Microsoft warns Windows Secure Boot certificates expire in June 2026
A routine April patch hides a June deadline: Windows Secure Boot certificates start expiring, and unmanaged device fleets could lose boot security updates.

A patch that looks routine on paper is really a June readiness test for any IT team running a mixed fleet of Windows devices. Microsoft’s April 14 update warned that the Secure Boot certificates used by most Windows devices begin expiring in June 2026, and devices that miss the upgrade path could lose future boot-related security fixes.
Microsoft said the certificates at risk are the original 2011 Secure Boot certificates, and it is moving organizations to newer 2023 certificates to keep trust intact in boot components. The company said that once the older certificates expire, security updates for boot components will no longer be possible on affected devices, leaving some Windows machines out of security compliance and potentially weakening boot security. In Microsoft Security app, the problem can surface as early as June 2026 when a boot-related update exists but cannot be delivered to the device’s current boot configuration.
That creates a practical burden well beyond patch management. Microsoft said most personal Windows devices will receive the new certificates through Microsoft-managed updates, but organization-managed devices need to follow enterprise guidance. Some systems may also require an OEM firmware update before the new certificates can be applied correctly. Microsoft added that many Windows PCs manufactured since 2024 already have the updated 2023 certificates, but that does not help teams still running older hardware or devices with custom boot configurations.

For monday.com, the warning lands squarely in the middle of how a distributed SaaS company keeps work moving. Engineers depend on secure laptops for local development and internal testing. Product teams need stable endpoints to keep planning, release coordination, and customer-facing builds on track. Sales teams cannot afford laptop failures, recovery prompts, or a missed update before a travel day or live demo. A boot issue is not just an IT ticket; it is time lost across the business.

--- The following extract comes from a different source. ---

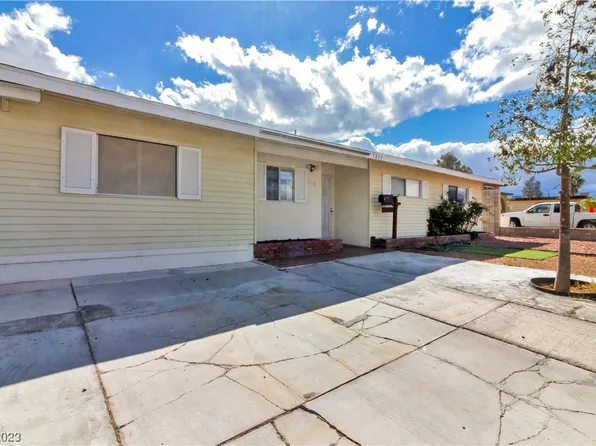 5053 Via De Palma Dr, Las Vegas, NV 89146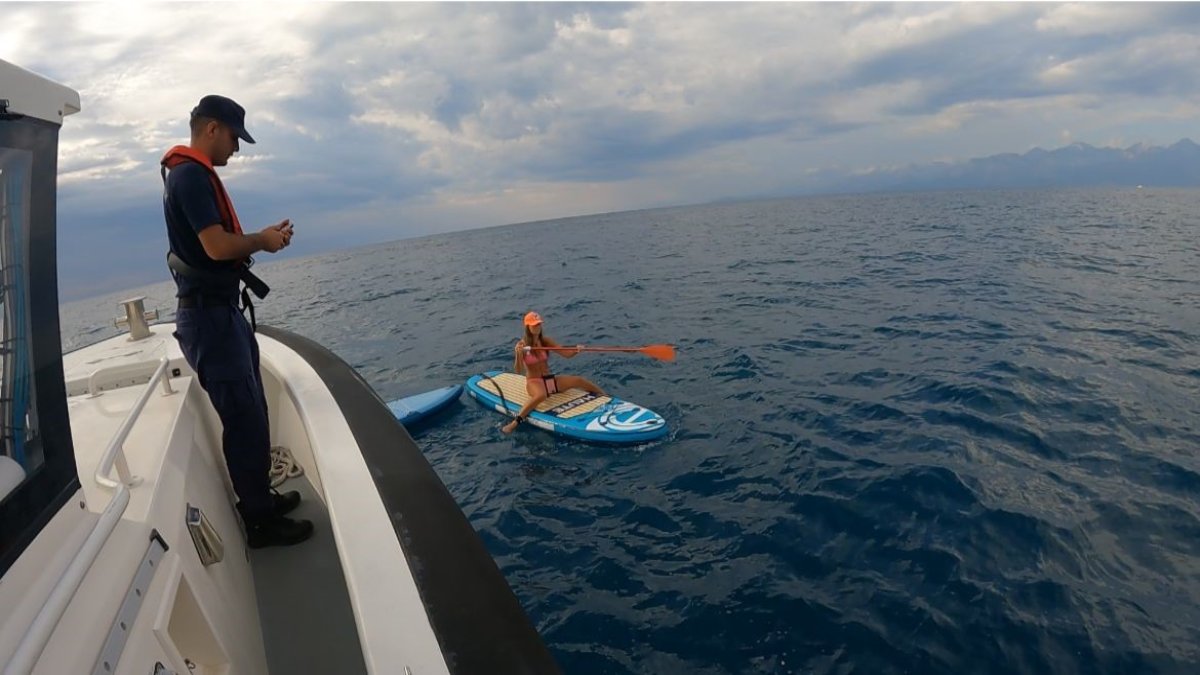 İzinsiz sörfçülеrе cеza yağdı Antalya’da izinsiz kürеk sörfü yapan şahıslara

That is why monday.com’s own trust materials matter here. The company says its security work is guided and monitored by a Security Team and a broader Security Forum with representatives from Infrastructure, R&D, Operations, and IT. It also says employees receive information security awareness training at onboarding and annually after that, while endpoint security, device hardening, and compliance are active security domains. The lesson is blunt: even a patch buried in April release notes can become a June workplace disruption if IT teams do not inventory devices, test firmware paths, and communicate early.